Can you about working with Kieran Darcy-Smith as a director? Since he is also an actor, is there a lot of collaboration on set and do you have a chance to improvise and do several different takes?

Palmer: Kieran, first of all, he is such an amazing guy. He is hilarious and just very Australian. He’s super sweet and easy to deal with. He really just trusts our instincts as his actors. He makes sure you feel comfortable in the role so he really gives us the reigns to do whatever feels genuine and authentic to us. That’s very liberating as an actor, and I loved his positive vibe on set. It was so laid back and so relaxed that I felt comfortable to try different things.

 

Your co-star in the film is Felicity Price who is also the co-writer of the screenplay. Is that intimidating when you’re acting opposite someone who was also contributed to writing the script? Do you feel any added pressure to get your lines right?

Palmer: Not really because I actually knew Kieran and Felicity, and all the guys who worked on this film before I shot the movie. I knew Felicity as a friend first and because of that there wasn’t any sensitive nerves around portraying this role as she had written it. I knew that I really trusted my instincts and they embraced me as an actor portraying this character so it was great. I really felt that support on this film. It was hard for me because it’s actually a really challenging role because she’s not the antagonist and she’s not the protagonist. She’s just like a human being who has both good parts and bad parts and we didn’t want her to be a villain, so she still had to be likeable.
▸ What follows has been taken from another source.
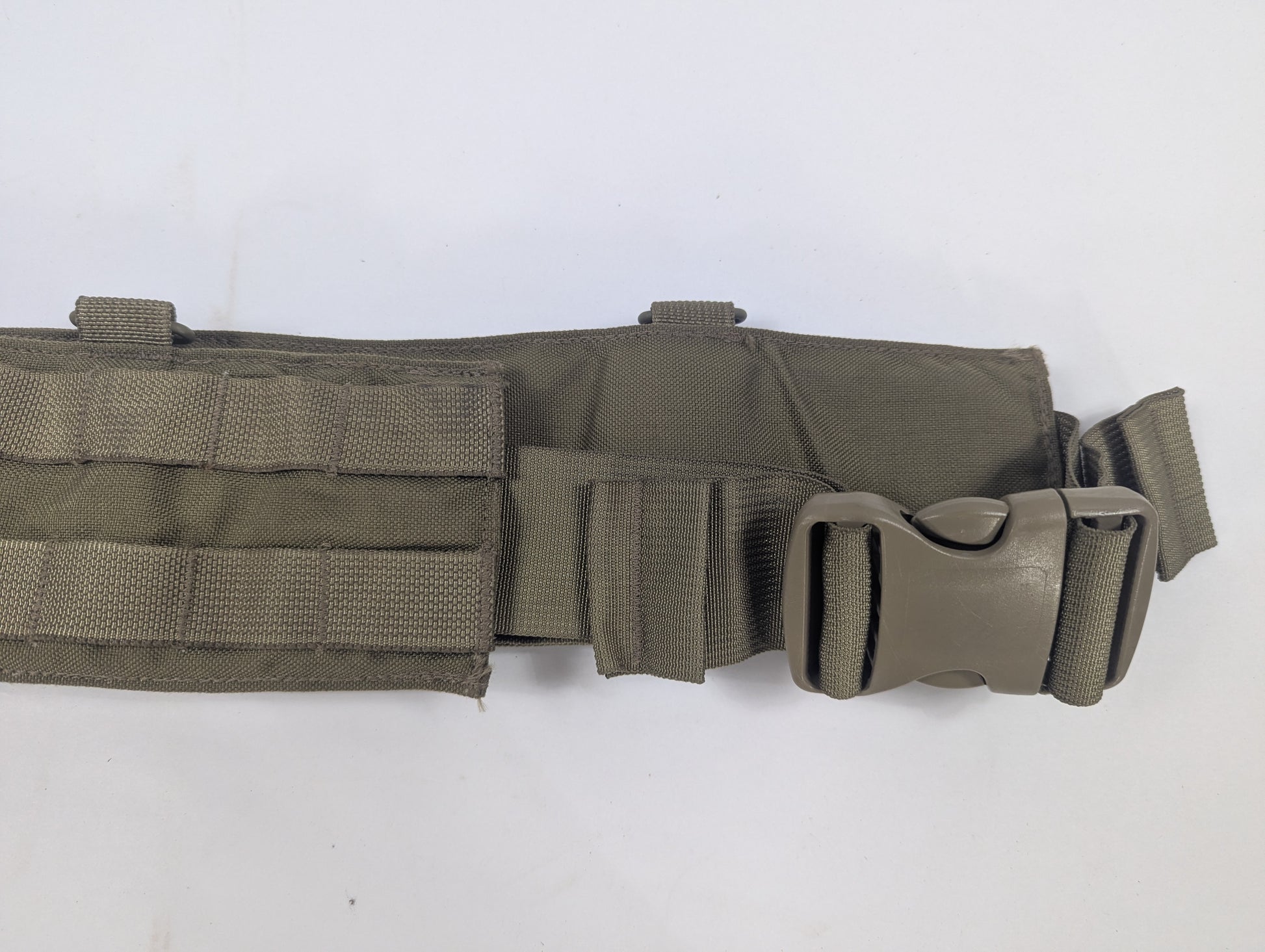 An olive drab tactical belt with a quick-release plastic buckle, displayed on a white circular stand against a white fabric backdrop.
It was a fine line because she does some things in the movie that aren’t so noble and she makes some irresponsible choices, It was really important to me, Felicity and Kieran to make sure she comes across as a really good person.

What were some of the aspects of your character that you really liked and got you interested in playing the role? 

Palmer: I love that Steph is so spontaneous. She just enjoys life and she’s a free spirit. She’s constantly all about having fun and she has no responsibilities. So she leads her life in that way and she makes some really bad choices, which I think as you’re growing from a teenager into a young adult you do make bad choices. It was great to explore that. For me I really didn’t get to experience a typical person’s twenties because I was out in America shooting films, so I had to grow up very quickly. It was nice to kind of live through Steph in those few weeks when I was shooting the movie. I got to experience what it was like to be a normal 25-year-old and that was really appealing to me.

This role was really different than a lot of the parts you’ve played in American films, isn’t it?

Palmer: Yes! It’s completely different. I love that she’s floored and vulnerable. She does bad things and she’s sorry for it. I think a lot of the time in Hollywood films you have these very “by the book” characters and with this one you couldn’t really guess what her experience was. She’s all over the place. She’s lost and messy. It was really interesting to think like that as an actor.

Your character is really at the heart of this film, as apposed to just being the girlfriend, or the secondary female role, which are the types of parts you have been playing in a lot of your American films lately. Was that refreshing for you as an actress?

Palmer: Yeah, she’s very much entangled in the script. I definitely have played characters where I’ve served the purpose of the guy in the story, or served the purpose of someone else’s story. I wasn’t lacking that on Wish You Were Here. I really got to have something to say. I play a character that is really integral to the story and that was really refreshing. I was really flattered to do that.

Has that been frustrating for you to continue to be cast in those secondary female types of roles in your American films?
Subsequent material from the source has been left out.